_WHAT IS NEEDED_
Would you please copy only the lines from the line that contains "jeřáb kanadský - ML646512241" to the end of the data below, exactly, leaving every picture out?

== GIVEN DATA

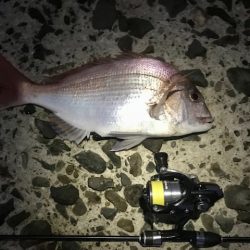 アジングで真鯛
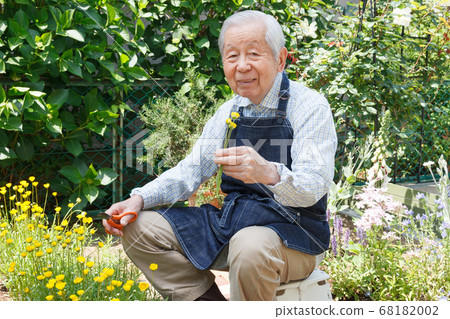 Senior with flowers (gardening) Senior with flowers (gardening) 68182002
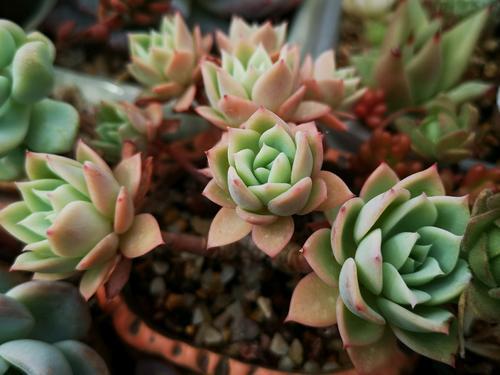 多肉植物插杆种植时如何选择合适的土壤和光照条件才能提高成活率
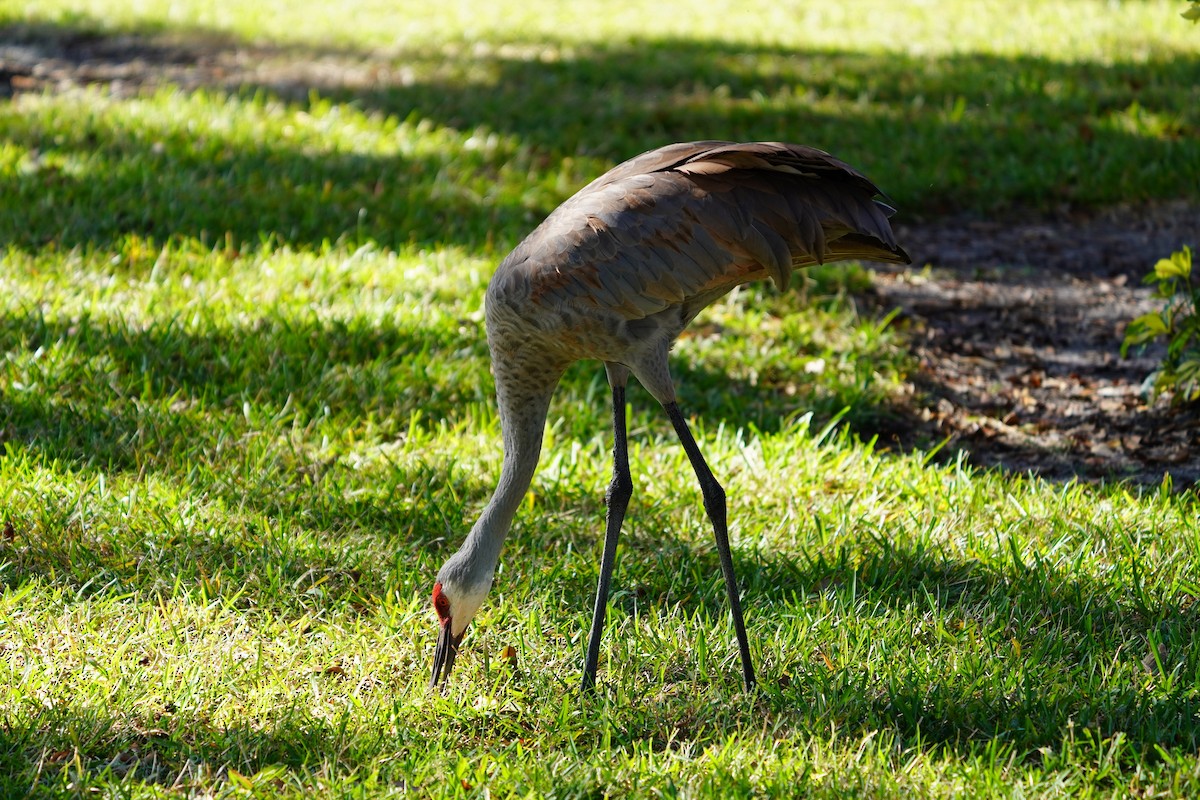 jeřáb kanadský - ML646512241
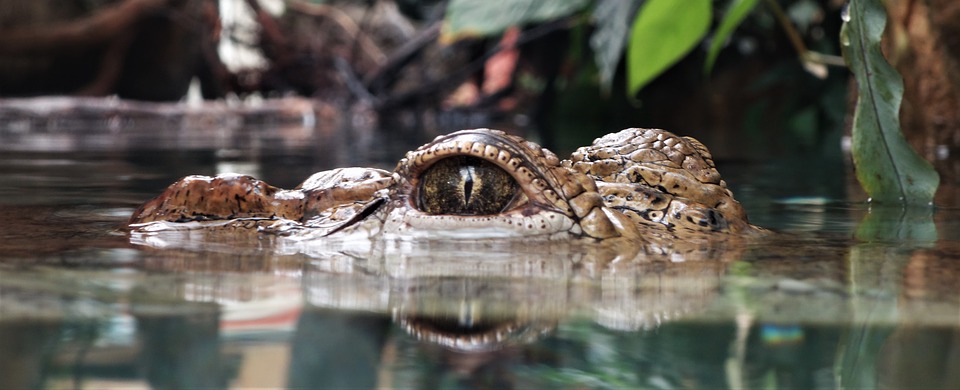 mostly submerged alligator to represent hidden spiritual dangers of overeating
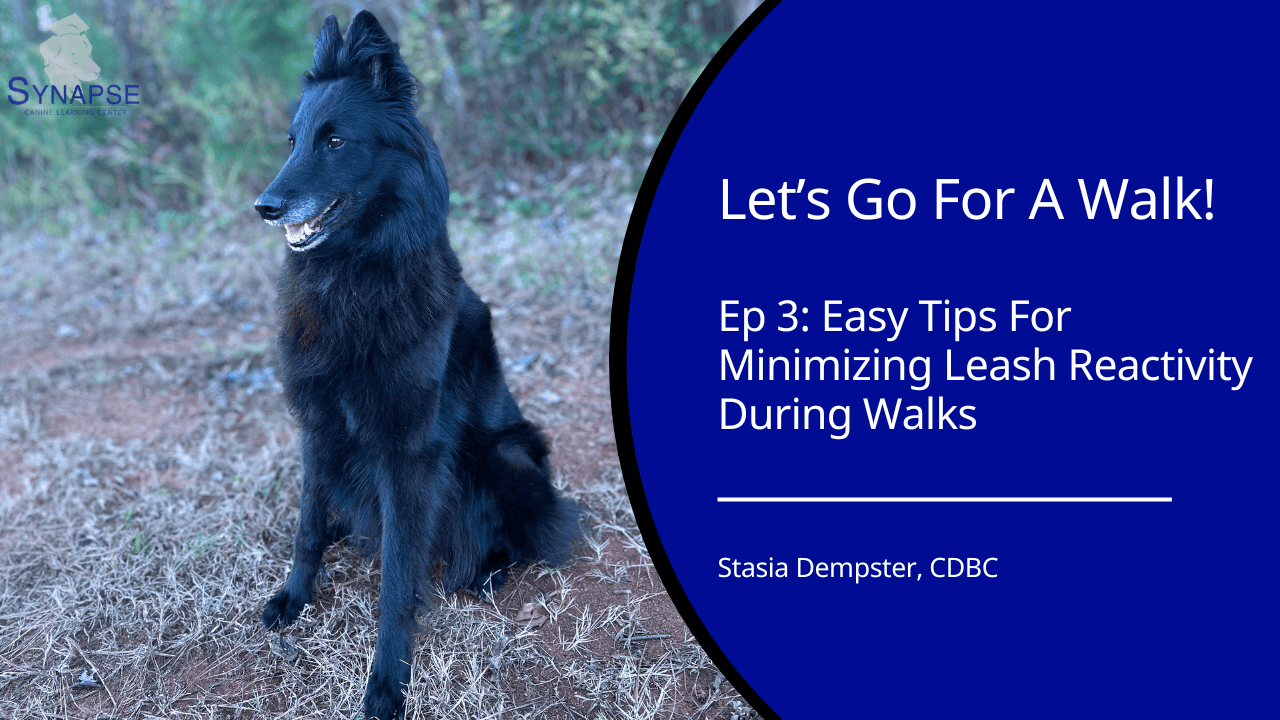 let's go for a walk ep 3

====

_SOLUTION TO THE PROBLEM_
 jeřáb kanadský - ML646512241
 mostly submerged alligator to represent hidden spiritual dangers of overeating
 let's go for a walk ep 3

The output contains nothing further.